PROBLEM TO WORK ON
Produce an exact transcription of the data, with the images left out.

STORED DATA
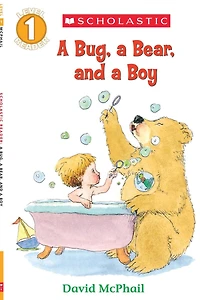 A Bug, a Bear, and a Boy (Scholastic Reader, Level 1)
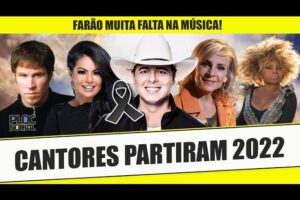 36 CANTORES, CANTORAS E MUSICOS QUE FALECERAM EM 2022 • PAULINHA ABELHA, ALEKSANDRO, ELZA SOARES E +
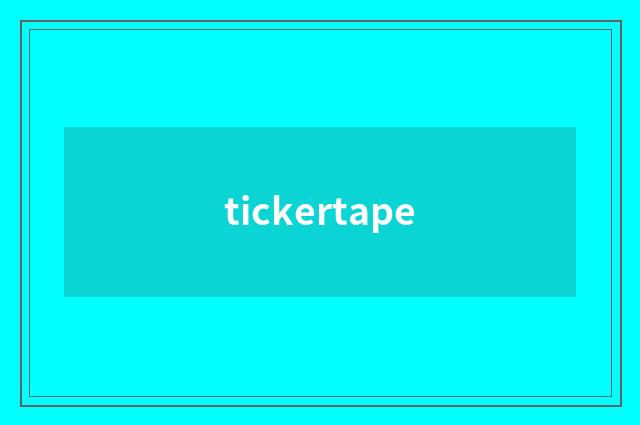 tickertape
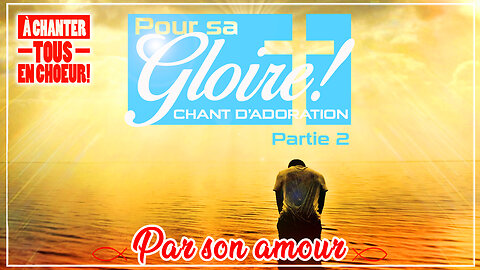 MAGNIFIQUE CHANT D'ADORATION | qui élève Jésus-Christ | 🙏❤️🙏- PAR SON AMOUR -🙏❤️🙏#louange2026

ANSWER TO THIS TASK
 A Bug, a Bear, and a Boy (Scholastic Reader, Level 1)
 36 CANTORES, CANTORAS E MUSICOS QUE FALECERAM EM 2022 • PAULINHA ABELHA, ALEKSANDRO, ELZA SOARES E +
 tickertape
 MAGNIFIQUE CHANT D'ADORATION | qui élève Jésus-Christ | 🙏❤️🙏- PAR SON AMOUR -🙏❤️🙏#louange2026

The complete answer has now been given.